Given records:
********

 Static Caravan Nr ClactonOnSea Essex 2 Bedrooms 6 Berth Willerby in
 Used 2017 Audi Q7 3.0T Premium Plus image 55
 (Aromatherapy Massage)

********

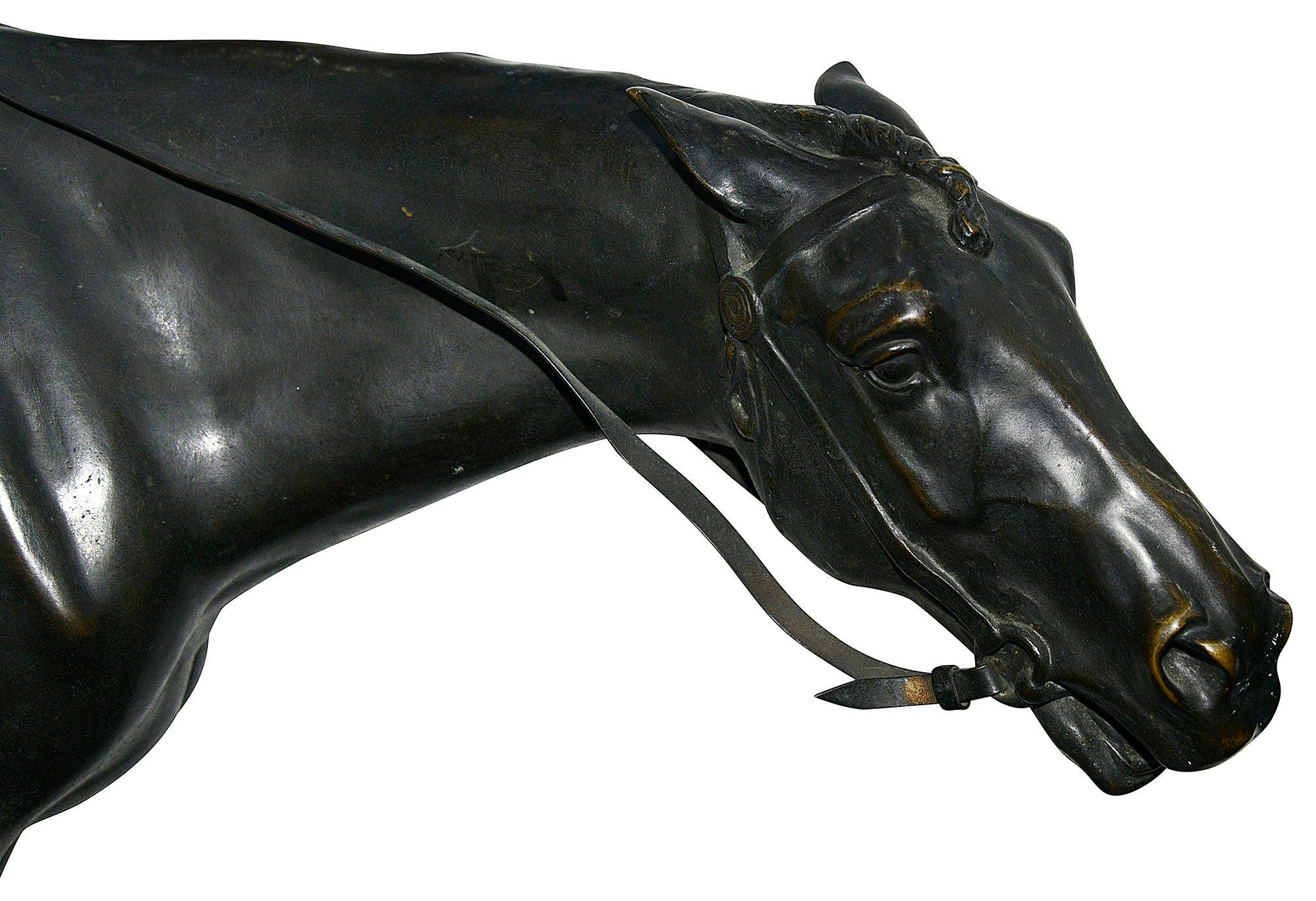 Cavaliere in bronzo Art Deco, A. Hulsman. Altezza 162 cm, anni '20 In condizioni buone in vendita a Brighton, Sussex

********

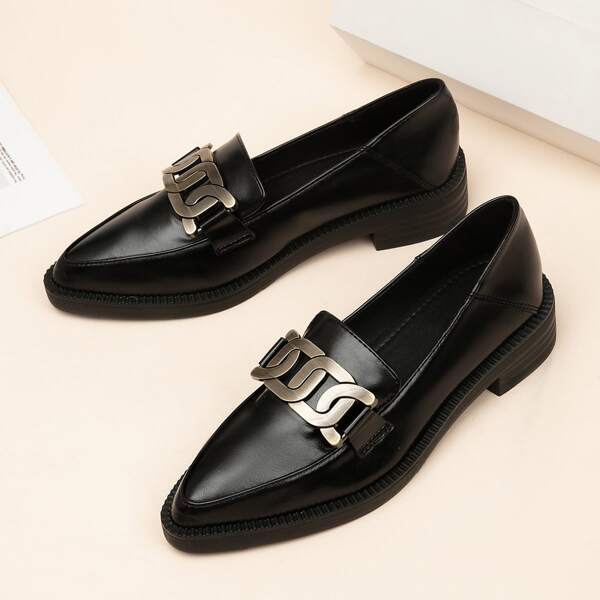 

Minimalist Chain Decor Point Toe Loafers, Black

********

Action item: Above are records; repeat only the lines starting at the line with "Used 2017 Audi Q7 3.0T Premium Plus image 55" and ending at the line with "(Aromatherapy Massage)", exactly as they appear, both included.

Answer to the problem:
 Used 2017 Audi Q7 3.0T Premium Plus image 55
 (Aromatherapy Massage)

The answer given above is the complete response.